PETALING JAYA: Despite the strengthening ringgit, the government must be vigilant, focus on domestic policies and continue with the promised fiscal reforms, said prominent economist and Global Labour Organisation Southeast Asia lead Prof Niaz Asadullah.
“The reforms include completing the rationalisation of petrol subsidies to build on the current momentum and sustain economic growth.”
He told theSun that just a year ago, there were doubts about Prime Minister Datuk Seri Anwar Ibrahim’s strategies to revive the economy and by February, the ringgit had dropped to its lowest point in 26 years.
However, Niaz said to his credit, Anwar, who is also finance minister, coordinated efforts with Bank Negara Malaysia to revive the ringgit by calling on Malaysian exporters, particularly government linked companies and government linked investment companies, to repatriate their overseas earnings and convert them into local currency.
“This repatriation of foreign earnings was a strategic move and provided temporary relief for the ringgit while setting the stage for broader economic recovery. Since then, several other things have changed in the country’s favour.
“Malaysia has attracted new investments in high value industries, such as digital technology and semiconductor fabrication. The Madani economy campaign also helped with fiscal reforms, such as subsidy rationalisation, civil service pension reform, higher service tax and a capital gains tax.”
He said these moves and the implementation of the Progressive Wage Policy (PWP) are likely to save costs and raise hope for productivity improvements in the coming years.
“This may explain why Malaysia’s GDP is projected to grow 5.8% in the second quarter of the year, exceeding official estimates.”
He said for global investors, the recent developments would boost business confidence as a stronger ringgit would attract foreign investors seeking stability.

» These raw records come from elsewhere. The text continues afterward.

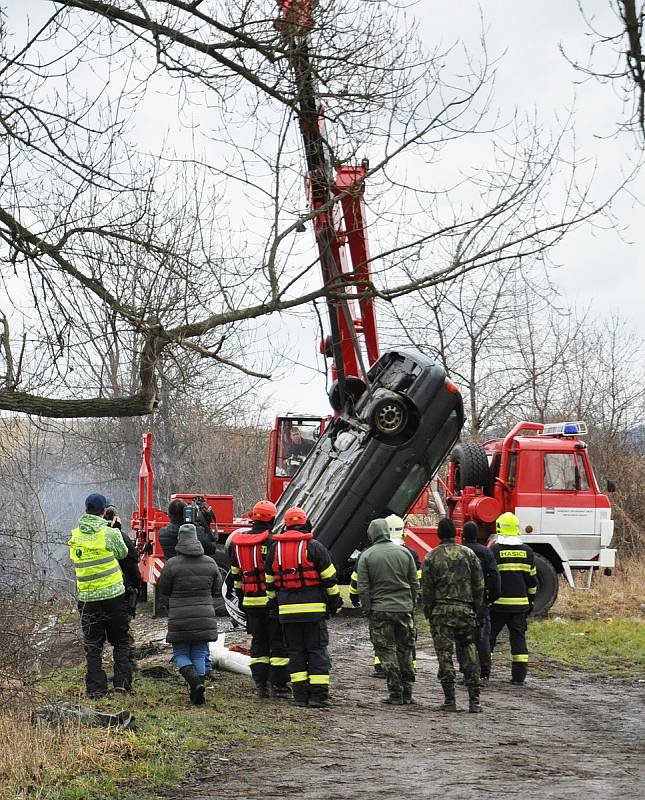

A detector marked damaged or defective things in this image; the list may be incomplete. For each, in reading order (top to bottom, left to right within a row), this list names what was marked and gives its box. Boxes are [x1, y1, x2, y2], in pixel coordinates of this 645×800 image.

overturned black car [272, 350, 462, 576] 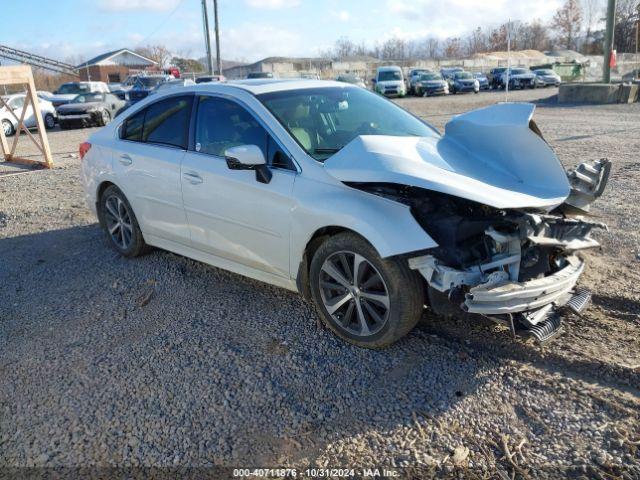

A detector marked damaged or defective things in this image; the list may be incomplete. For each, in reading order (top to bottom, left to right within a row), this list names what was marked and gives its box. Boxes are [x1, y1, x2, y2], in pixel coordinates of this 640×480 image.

crumpled hood [324, 103, 568, 210]
damaged front end [348, 174, 608, 344] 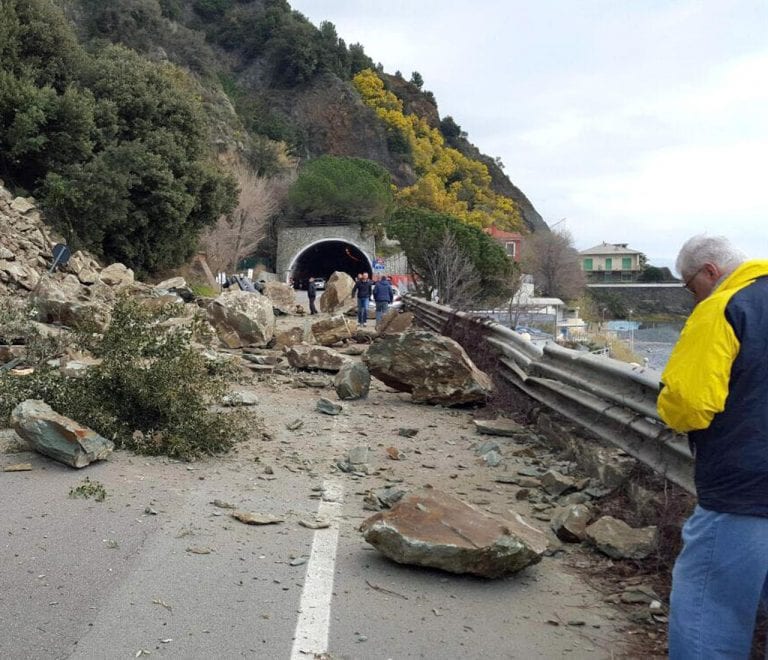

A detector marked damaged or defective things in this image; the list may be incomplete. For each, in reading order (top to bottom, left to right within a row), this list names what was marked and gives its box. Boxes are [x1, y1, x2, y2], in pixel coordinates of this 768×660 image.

bent metal barrier [402, 296, 696, 496]
damaged guardrail [402, 296, 696, 496] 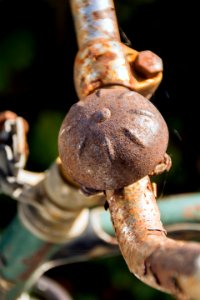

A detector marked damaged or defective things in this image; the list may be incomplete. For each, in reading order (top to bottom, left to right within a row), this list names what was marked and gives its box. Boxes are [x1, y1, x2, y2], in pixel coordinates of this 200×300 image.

rusted metal tube [69, 0, 119, 48]
rusty bike bell [58, 86, 169, 190]
corroded metal surface [58, 87, 169, 190]
corroded metal surface [106, 177, 200, 298]
rusted metal tube [107, 177, 200, 298]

“For Malaysians, the currency uptrend is particularly advantageous for industries reliant on imports of raw materials as the reduced costs translate to higher profit margins. Consumers will also benefit from increased purchasing power as inflationary pressures ease with cheaper food imports.”

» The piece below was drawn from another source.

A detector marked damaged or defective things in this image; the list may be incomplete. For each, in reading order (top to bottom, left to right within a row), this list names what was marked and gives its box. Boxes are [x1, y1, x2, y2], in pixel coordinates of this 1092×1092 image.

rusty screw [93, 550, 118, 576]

Niaz said a stronger ringgit would help reverse the “imported inflation” experienced earlier this year.
However, the favourable foreign exchange rate is not unique to Malaysia as in anticipation of a potential rate cut by the US Federal Reserve, central banks around the world are expected to follow suit.
“Many currencies have strengthened against the US dollar, such as the Philippine peso and Thai baht.”

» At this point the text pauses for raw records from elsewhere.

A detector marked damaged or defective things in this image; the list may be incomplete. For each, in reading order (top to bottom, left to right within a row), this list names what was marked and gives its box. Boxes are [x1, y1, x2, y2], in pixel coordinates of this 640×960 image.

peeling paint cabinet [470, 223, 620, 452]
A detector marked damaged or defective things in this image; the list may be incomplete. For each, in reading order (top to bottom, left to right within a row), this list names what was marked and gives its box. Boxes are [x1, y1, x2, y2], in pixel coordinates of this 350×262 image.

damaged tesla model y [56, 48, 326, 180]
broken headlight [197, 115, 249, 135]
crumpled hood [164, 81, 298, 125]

He said it is crucial for the government to manage the people’s discontent to avoid political instability.
He added that the ongoing subsidy cuts could worsen public dissatisfaction with economic reforms if they add to perceptions and experiences of high living costs.
“Rather than relying solely on cost reductions from a stronger ringgit, regulatory efforts must focus on ensuring reduced production costs translate to consumer benefits.
“Wage growth for ordinary citizens must be prioritised and effective implementation of the PWP is key. It is vital to assure the people that only regressive subsidies will be phased out while targeted social transfers will increase for those in need.”
He said the much publicised Central Database Hub created a fear of exclusion among low income Malaysians because they failed to register with it.
“Such challenges should have been anticipated and must be avoided in future reform efforts. While a strengthening ringgit presents opportunities, the government must navigate domestic and global factors to ensure sustained growth and stability.”